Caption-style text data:
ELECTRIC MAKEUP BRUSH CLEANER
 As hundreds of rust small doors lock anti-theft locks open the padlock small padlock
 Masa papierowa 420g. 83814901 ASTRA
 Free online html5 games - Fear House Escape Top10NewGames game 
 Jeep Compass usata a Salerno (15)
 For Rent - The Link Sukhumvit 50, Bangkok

• _WORK TASK_
Exactly the lines from the one containing "Free online html5" through the end of the records above should be returned, with both ends kept.

• _SOLUTION FOR THIS TASK_
 Free online html5 games - Fear House Escape Top10NewGames game 
 Jeep Compass usata a Salerno (15)
 For Rent - The Link Sukhumvit 50, Bangkok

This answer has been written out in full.